Minsk’s strategic autonomy diminishes

The situation got worse
Minsk’s strategic autonomy diminishes

Defiant solidarity with the Kremlin in the military sphere causes the Belarusian regime to lose significant autonomy and independence as seen by external actors.

Events related to the West-2021 exercise will have long-lasting consequences for the international status of the Belarusian regime. Statements by Belarusian generals about the destructive role of the “collective West” (a Russian propaganda cliché) and the deepening of the military alliance with Russia are accompanied by a change in the media rhetoric of the Belarusian Ministry of Defense, which is becoming grotesquely Russophile. Concurrent silence regarding Russian statements that 200k servicemen will take part in the exercise (in reality, this figure may be much lower) is taken as tacit agreement by Minsk with Russian claims.
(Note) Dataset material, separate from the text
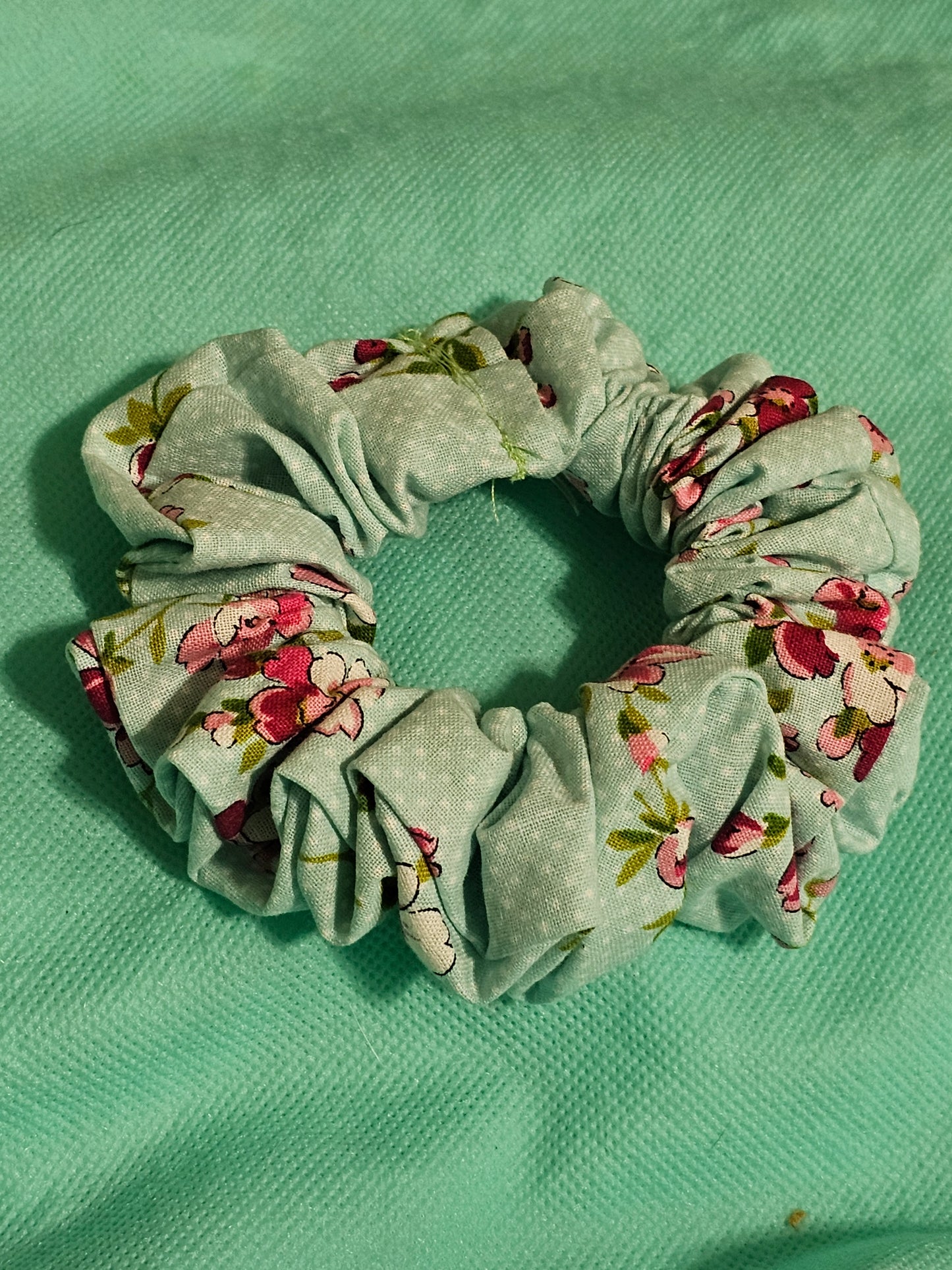 Standard light green scrunche.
The Belarusian-Russian Joint Training Center of the Air Force and Air Defense Forces, located in the West of Belarus, has moved beyond training to combat operations. This constitutes a de facto Russian military base, commencing operations against a backdrop of ongoing anti-Western and anti-Ukrainian hysteria from Belarusian civil officials and propagandists.

These Belarusian actions and statements leave the EU, the United States and Ukraine with no option but to consider the Belarusian regime critically dependent on the Kremlin in military security (regardless of the actual level of such dependence) and the Belarusian army as an integral component of the Russian military machine.

Minsk must have understood how these actions and statements would be perceived by the West and Ukraine, but the necessity of resolving other significant issues in Belarusian-Russian relations forced the Belarusian regime to sacrifice military autonomy (or at least its external appearance) to the Kremlin. In all probability, this sacrifice is considered temporary and can be walked back if the foreign policy situation changes.

The problem is that other regional actors may perceive this as a final state, depriving the Belarusian regime of the ability to significantly influence regional policy.